Mr Harper is one of the very few people in the world who had ever heard of Hans Island, a tiny, uninhabited rock off the coast of Greenland where only polar bears and a few brave hunters roam. He found it curious that a Canadian oilman would be poking around this far north, so he wrote about it for a newspaper in Thule, Greenland.
The story may have ended there. Thule papers are not widely read. But this one found its way to Copenhagen, the capital of Denmark, the country that owns Greenland, and which had long claimed sovereignty over Hans Island.
Legend has it a Danish government official, Tom Hoyem, read the article, muttered angrily and promptly rented a helicopter. He flew to the island, planted a Danish flag and left a bottle of cognac next to it. It was the modern equivalent of a Viking raid. Hans Island is effectively worthless - no one lives there, nothing grows on it, it has no strategic value - but in modern diplomacy, flag-planting is serious business. Canada and Denmark had been quietly discussing Hans Island for years, but after the Hoyem incident and the publicity that followed it, it became a matter of national pride. Who were these upstart Danes anyway?
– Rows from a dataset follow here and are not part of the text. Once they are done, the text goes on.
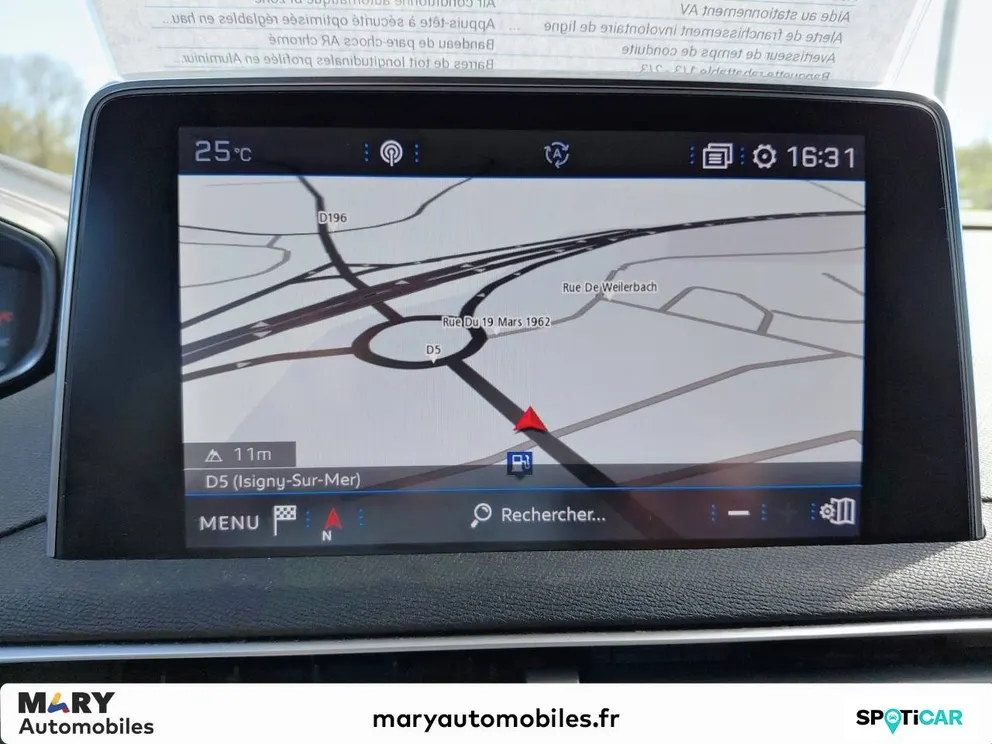 Véhicule occasion 227342 - peugeot 3008 - Photo 14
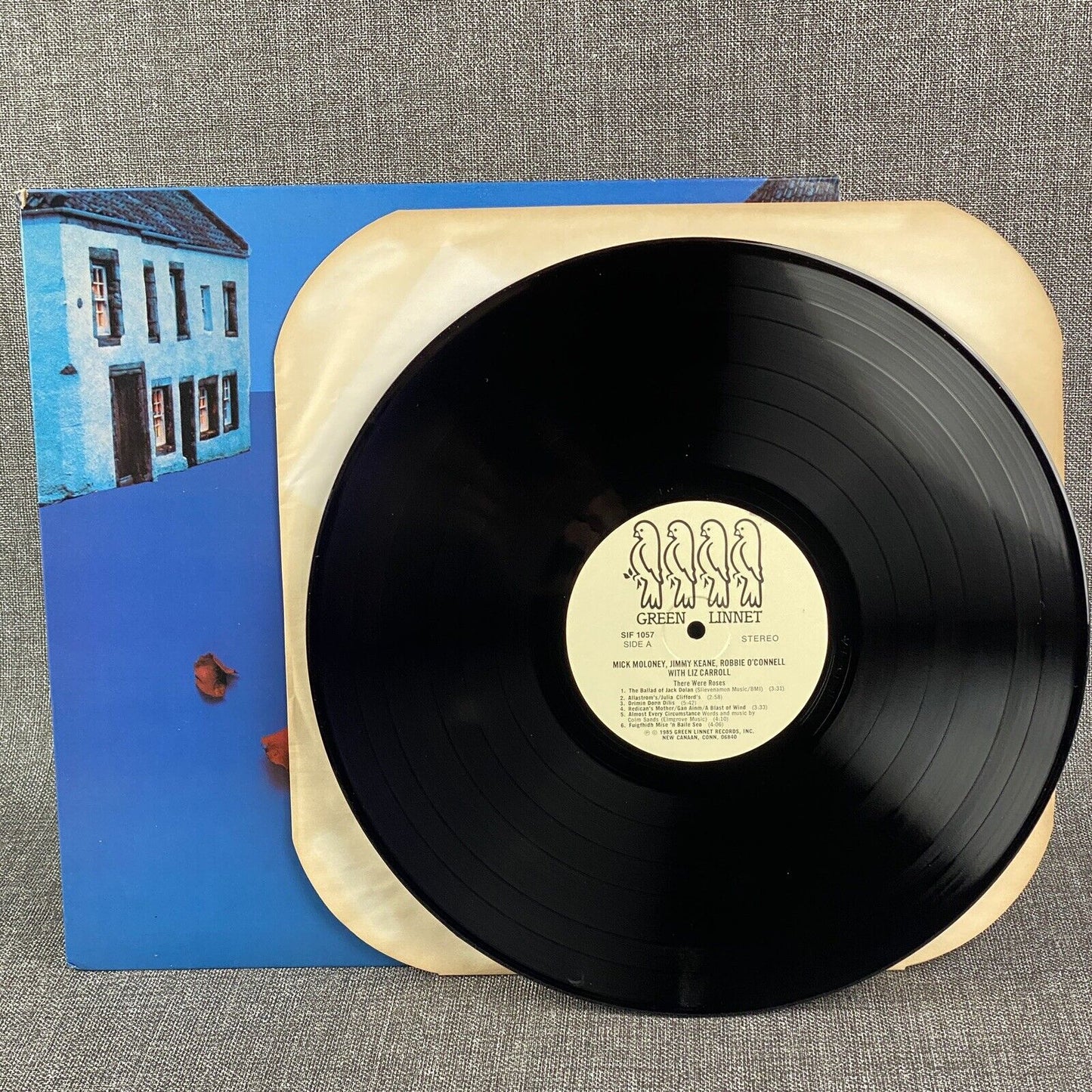 There Were Roses M. Moloney, J. Keane, R. O'Connell, Vinyl Record - near MINT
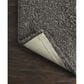Loloi II Milan MIL-01 2"3" x 3"9" Charcoal Runner, , large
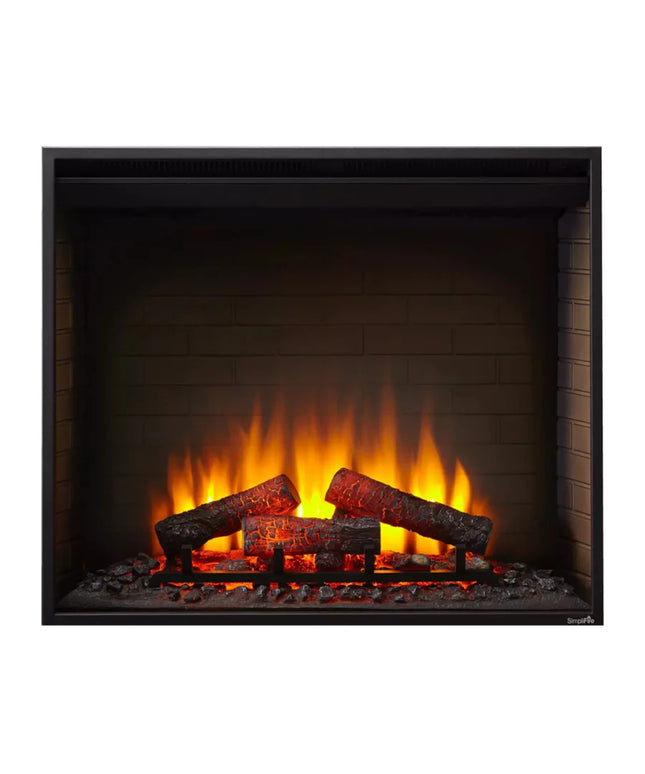 SimpliFire 30" Built-In Electric Fireplace - SF-BI30-EB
The squabble festered, unresolved, until last year, when critics assailed the Canadian government for not doing enough to protect national interests in the far north. Somebody brought up Hans Island as an example of foreign encroachment. Piqued, a Canadian cabinet minister decided to fly to the island (without telling the Danes) and walk around it, like an animal demarcating its territory. Someone had already planted a Canadian flag, built a cairn and deposited a bottle of Canadian whisky, in case there were any doubts who was in charge.
The Danish, furious, called it 'an occupation' and diplomatic notes flew. An official said the Danish had a historic claim because Greenlanders had always used the island 'as a lookout during polar bear hunts'. Polar bear hunts are illegal, retorted the Canadians.